Bu beni incitti ve ne düşünüyordum ki? Mark Stern ile sonsuza dek mutlu yaşayacağımı mı sanıyordum? Bu sadece aptalca bir hoşlantı. "İştahım kaçtı," dedim bar taburesinden kalkarken.

"Dolapta baş ağrısı için ağrı kesiciler var," dedi. Ağrı kesicileri aldım ve bir bardak su doldurdum. İki tane yuttum.

"İşe hazırım," dedim.

"Ben süreceğim. Bu halde araba kullanamazsın," dedi, ayağa kalktı, başını salladı ve kendine güldü, "beni isteme hali ve acı hali," dedi, sanki bu onun için komik bir şakaymış gibi.
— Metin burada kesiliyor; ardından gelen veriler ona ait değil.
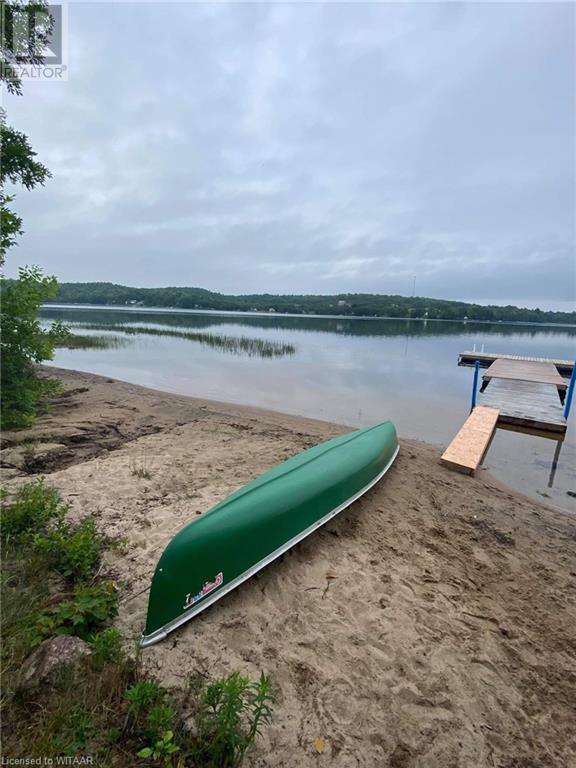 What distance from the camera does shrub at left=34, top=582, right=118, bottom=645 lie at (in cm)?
199

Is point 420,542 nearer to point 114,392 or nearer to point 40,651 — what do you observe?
point 40,651

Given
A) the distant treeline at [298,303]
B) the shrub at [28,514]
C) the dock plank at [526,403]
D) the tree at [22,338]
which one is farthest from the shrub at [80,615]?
the distant treeline at [298,303]

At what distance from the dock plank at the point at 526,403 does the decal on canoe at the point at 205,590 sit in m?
8.18

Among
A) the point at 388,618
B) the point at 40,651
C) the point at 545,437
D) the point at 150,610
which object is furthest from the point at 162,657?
the point at 545,437

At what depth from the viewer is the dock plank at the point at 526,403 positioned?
802 cm

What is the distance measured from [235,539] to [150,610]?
67 cm

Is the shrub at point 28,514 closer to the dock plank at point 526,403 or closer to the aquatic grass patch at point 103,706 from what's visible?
the aquatic grass patch at point 103,706

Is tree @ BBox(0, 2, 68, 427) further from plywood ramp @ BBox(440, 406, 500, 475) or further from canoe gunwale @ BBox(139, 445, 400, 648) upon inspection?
plywood ramp @ BBox(440, 406, 500, 475)

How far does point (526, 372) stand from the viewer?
41.8ft

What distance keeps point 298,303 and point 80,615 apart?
3664 inches

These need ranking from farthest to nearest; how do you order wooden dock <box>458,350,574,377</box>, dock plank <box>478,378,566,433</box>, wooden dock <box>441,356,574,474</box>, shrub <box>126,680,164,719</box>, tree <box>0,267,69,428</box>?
wooden dock <box>458,350,574,377</box> < dock plank <box>478,378,566,433</box> < wooden dock <box>441,356,574,474</box> < tree <box>0,267,69,428</box> < shrub <box>126,680,164,719</box>

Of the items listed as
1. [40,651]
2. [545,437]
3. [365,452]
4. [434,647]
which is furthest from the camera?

"O zaman taksiyle giderim. Lanet arabamı alabilirsin!" dedim, gözlerimin arkasında yanan yaşlarla. Mutfaktan çıktım.

"Gray, benimle gideceksin ve bu son kararım!" dedi, patlamamak için elinden geleni yaptığını belli eden bir tonla. Onun o yanını görmek istemiyorum, bu yüzden gözyaşlarımı geri tutup dışarıda bekledim.

Bahse girerim temizleniyordur çünkü yirmi dakika geciktik. Onun toplantısına hazırlanmak için güne başlamamız gerekiyor ve gecikmemizin sebebi olarak beni göstereceğini hissediyorum. Kahvaltı hazırlamasına bile gerek yoktu. Gözlerimi devirdim. Onun evden çıktığını ve kapıyı kilitlediğini gördüm. Üzerinde ceket de vardı, dünkü kıyafetleriyle, ben ise arabamın yanında bekliyordum. Arabaya doğru yürürken, arkamı döndüm, ondan gelecek yanlış bir bakış ya da sert bir ton beni çökertebilirdi.